Zoom In, Zoom Out.  How to become a High-Performing Enterprise Sales Professional.

Summary:   High-performing Enterprise Sales Professionals have the ability to Zoom.  No, not your video conference app but the lens you use to manage your sales opportunities.  Top performing Sales Professionals & Leaders are capable at using multiple lenses and excel at knowing when to use the right one.  Where do your skills lay?


Some salespeople, despite being paid, are amateurs.  They are not consistent performers.

I fit in this category early on in my sales career.   

At that time, it was all about my product which I knew inside & out. I had strong technical skills so therefore used my product knowledge to sell.  But this was a crutch.  Being good at selling my product did not mean I knew how to sell.  

My sales method was fully reactive to the buyer and made minimal impact on their buying process.  I was not in control of my sales process, barely made quota and was living paycheck-to-paycheck. There was no use of any lens to get better focus.  This had to change or I would be looking for a new job.  

Zoom In:  

Most Sales Professionals are good tacticians.  They know how to sell. 

My change started with learning how to sell regardless of what was being sold.  I developed better tactical sales skills as I read more sales books, took sales training courses and worked with my sales managers & other mentors.  My productivity accelerated as I learned to ask better questions of the buyer, qualified them with more sophistication and negotiated better outcomes.

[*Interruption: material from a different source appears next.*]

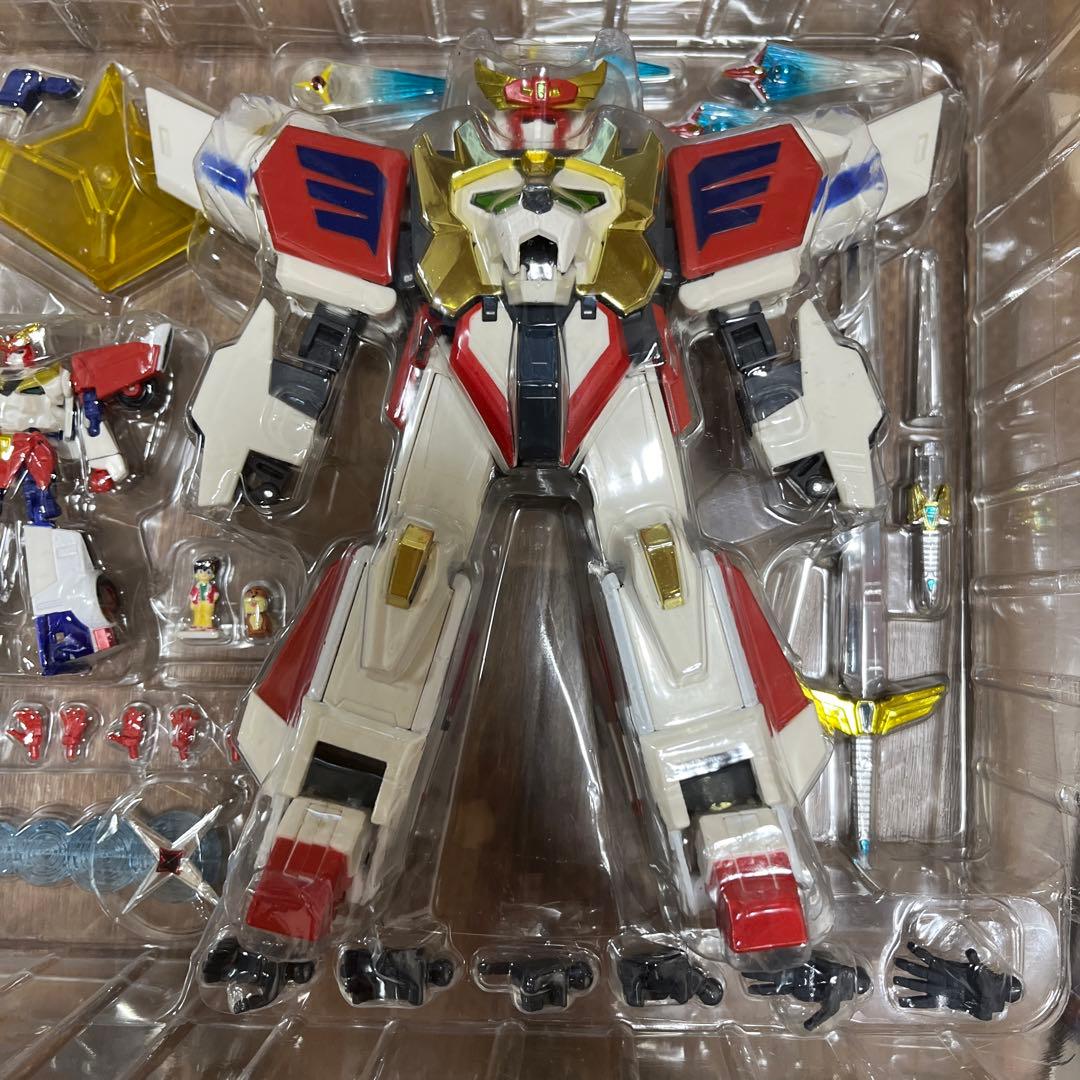 タカラ　マスターピース　キングエクスカイザー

This Zoom-In perspective is common in relationship-intensive settings.  My execution had a sharp focus and my sales opportunities increased in volume as well as size.  Just as importantly, my forecasts became more accurate.  At this stage of development my performance improved dramatically, my income doubled and I was banking commissions.

But I was still not performing at the level of the top sales performers in my company.  

Something else was missing.  

It turns out this zoom-in focus on sales tactics has significant downsides.  You become dependent on favors and getting too single-threaded meaning you are dependent on a single sponsor for all activity in your sales process.  If you use this zoom-in only lens, your sales cycles are probably too long, discounts too steep, sales forecasts inaccurate and performance inconsistent.  

In my case, I knew I had to pivot. I was missing the big picture.  I had to become more strategic in my approach.

Zoom Out

Few Enterprise Sales Professionals are good at deal strategy.  It’s not that we are not capable, but we are rewarded by our management for tactical activity not strategic planning.  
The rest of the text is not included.